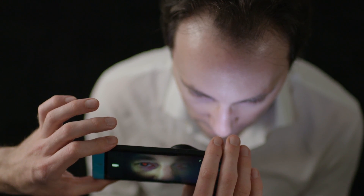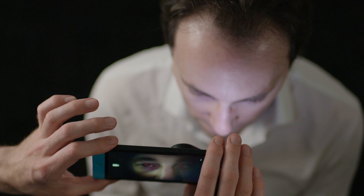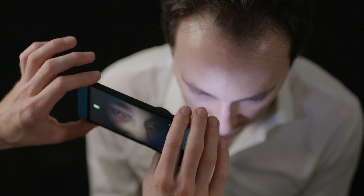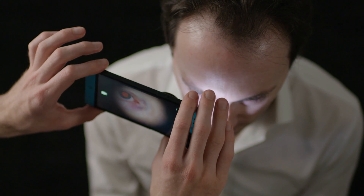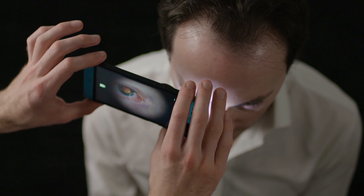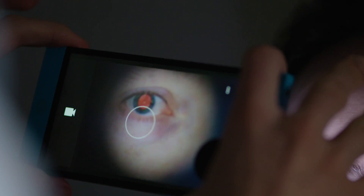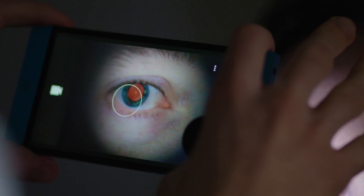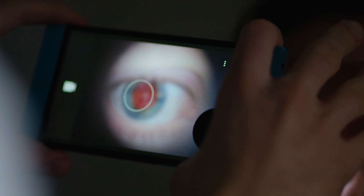Start 50cm from the patient. With the patient looking straight ahead, approach from a 30 degree angle. Ask the patient to focus on something behind you so that their eye keeps still. Move the phone forward, looking for a red-orange light reflex from the pupil. As you move in, keep the red light reflex in the centre of the phone's screen.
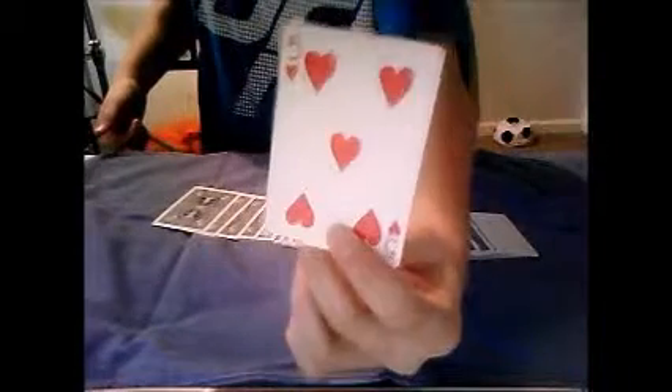Let's just see what card's turned over. So if you see here, if you get rid of these cards, there's one card turned over. Is that the card you selected? No, no. Ok, so let's use this card.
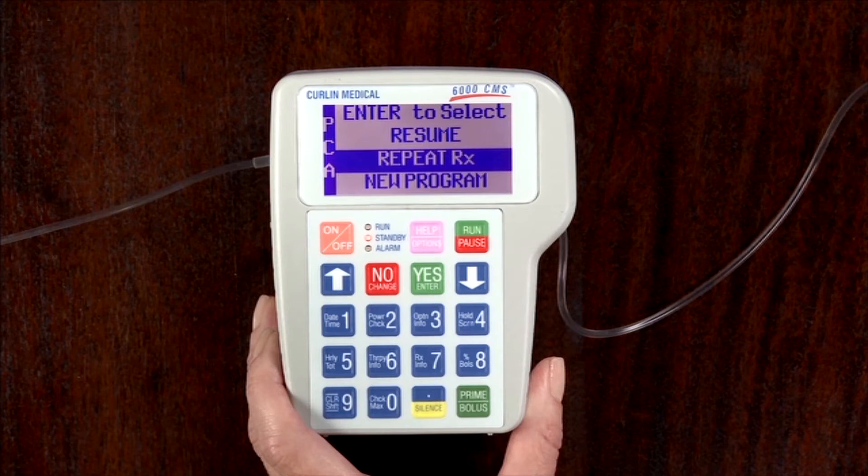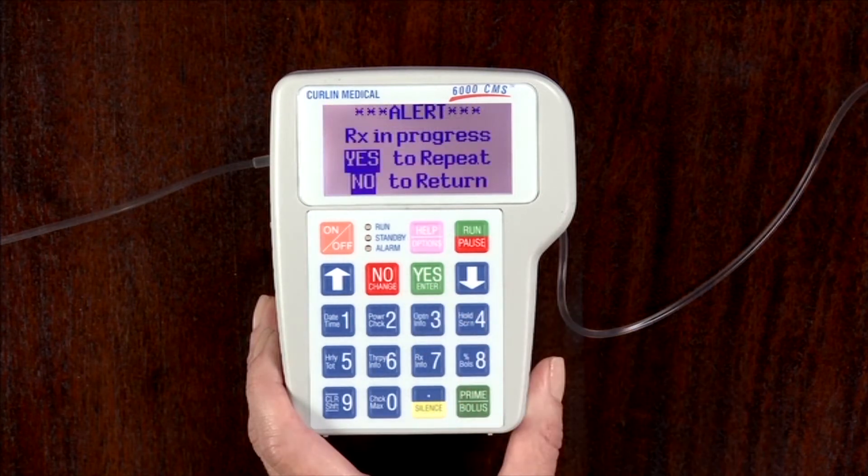Therefore, always select Repeat Rx when hanging a new bag on the same patient. This will reset the volume to be infused to its original value and reset the volume infused to zero.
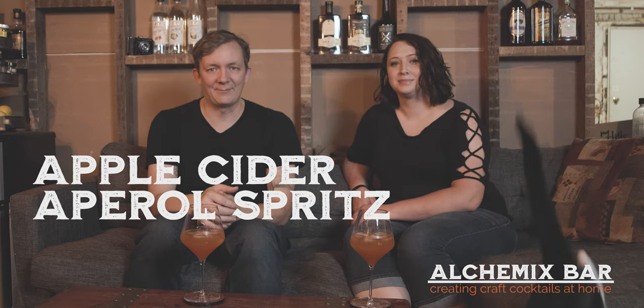An Aperol Spritz is one of the most popular cocktails during summer, so we decided to make a fall riff on it. We've got the Apple Cider Aperol Spritz.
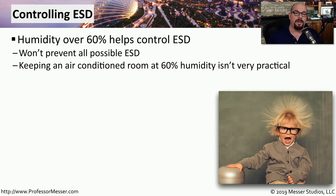Fortunately, there are steps we can follow that will minimize or control electrostatic discharge. One of these is to work in an environment that is over 60% humidity. You'll find it's difficult for static to be able to discharge at these high humidity levels. Of course, when you're working in an air-conditioned office, it's going to be very difficult to get humidity values up to 60%, and even if you could, it would be a very uncomfortable place to work.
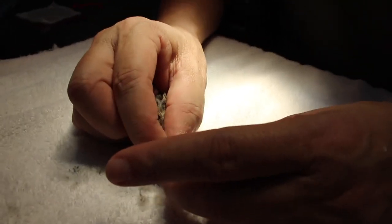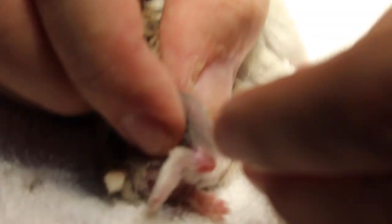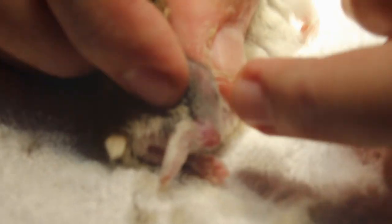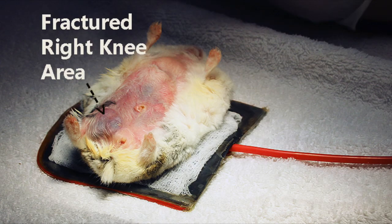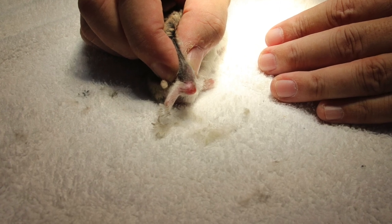After consultation, the hamster was brought into the surgery room for further examination and treatment. Upon close examination, we found that the hamster was suffering from a tibial fracture, which is around the knee area. The fracture was found on its right hind leg, causing it to limp.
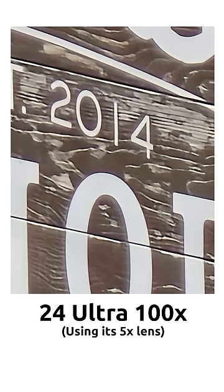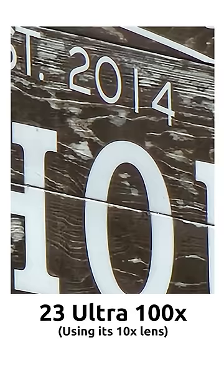But then when we push it all the way to 100x, I think the S23 Ultra might have more detail.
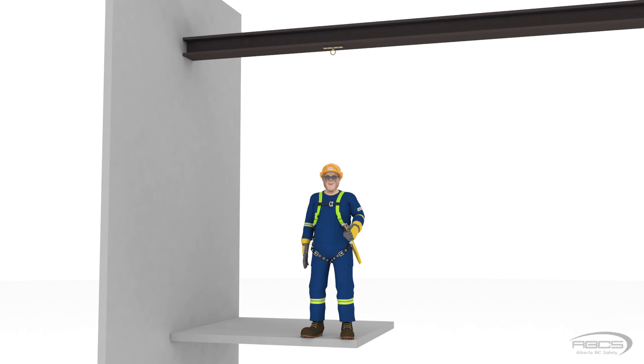Abel has agreed to help us out again. He is still using a 6-foot long energy absorbing lanyard. Its capacity is rated for 310 pounds with a freefall limit of 6 feet. Abel is going to tie off to an anchor that is attached directly to an I-beam that is 11 feet above the platform.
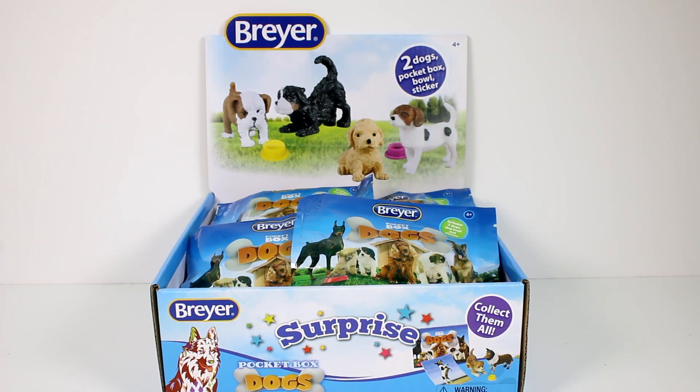Hi everyone, it's Tiffany and I am here with an entire case of the new Briar Surprise Pocket Box dogs. These are exclusive to Walmart and they are showing up in stores right now. I do want to thank Briar for sending me this case to open up with you guys today. I'm so excited — I love these little guys, they're so cute. Let's go ahead and start getting these open.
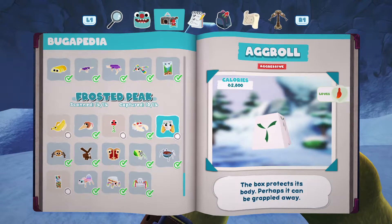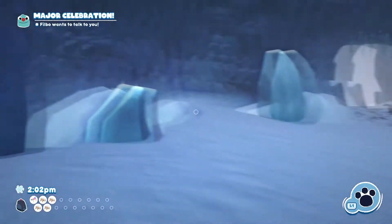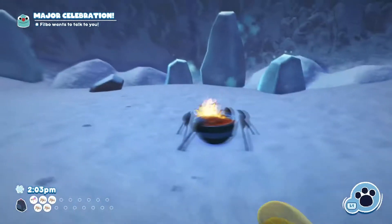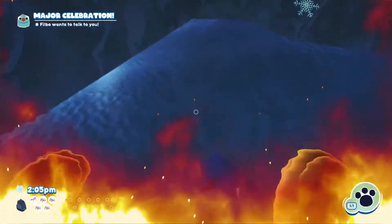Hello and welcome to the video. Today we're going to be showing you how to catch the Ag Roll in Bugsnax. The first thing we need to do is get it out of this frozen block of ice. The way we do that is we get ourselves on fire and we run into the block of ice, and that's going to melt it for us.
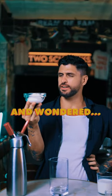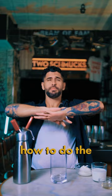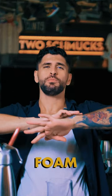Have you ever looked at some cheese and wondered, can I drink this? Schmuck Shorts! In this episode of Schmuck Shorts, we're going to show you guys how to do the perfect cheese foam for your cocktail.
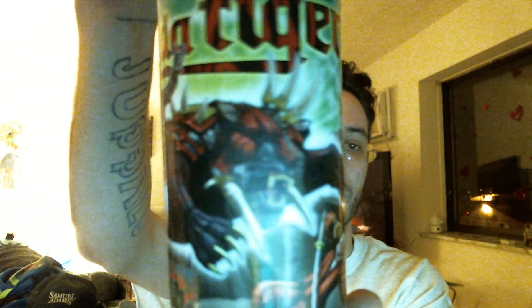Hey, welcome back and thank you again for joining me here at Beer Geeks Beer Reviews. Tonight I'm going with another one of my favorite breweries - Three Floyds. This one is Bam Bam, Ride the Tiger. I love their artwork on these bottles. Look at that tiger - it looks awesome. I just love the bottle, man.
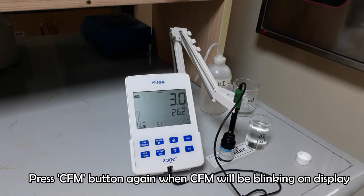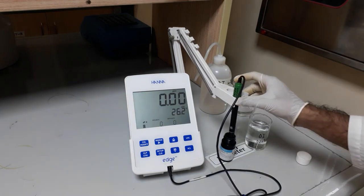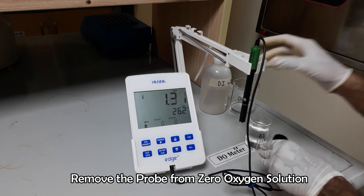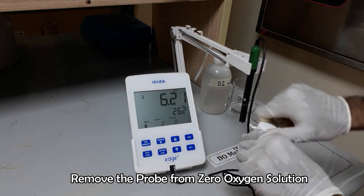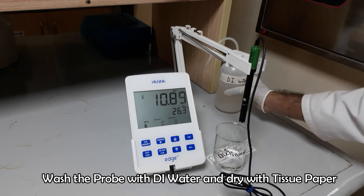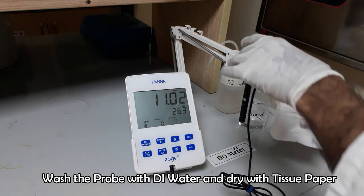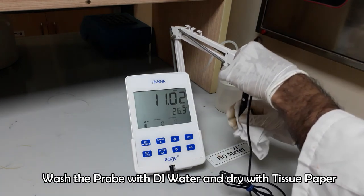Once it is shown, press the CFM button. Calibration is done. Now we are ready for checking DO of our sample.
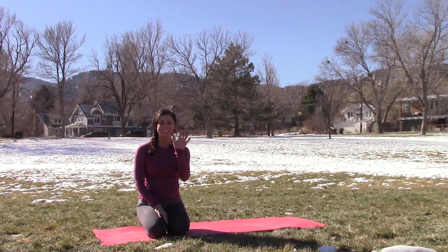Big toes to touch, inhale. Take a peek to where you're going, and at the bottom of that exhale, top of your mat. Inhale, halfway lift. Exhale, bow that body, drop the head. Bend those knees, inhale arms up. Exhale, standing, hands by your side. Second round.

§

## PROBLEM REQUIREMENTS
Repeat the listing above from its first line through the line that contains "Let's just see", both included, and nothing more. Drop the pictures.

## EXPECTED OUTPUT
Start 50cm from the patient. With the patient looking straight ahead, approach from a 30 degree angle. Ask the patient to focus on something behind you so that their eye keeps still. Move the phone forward, looking for a red-orange light reflex from the pupil. As you move in, keep the red light reflex in the centre of the phone's screen.
Let's just see what card's turned over. So if you see here, if you get rid of these cards, there's one card turned over. Is that the card you selected? No, no. Ok, so let's use this card.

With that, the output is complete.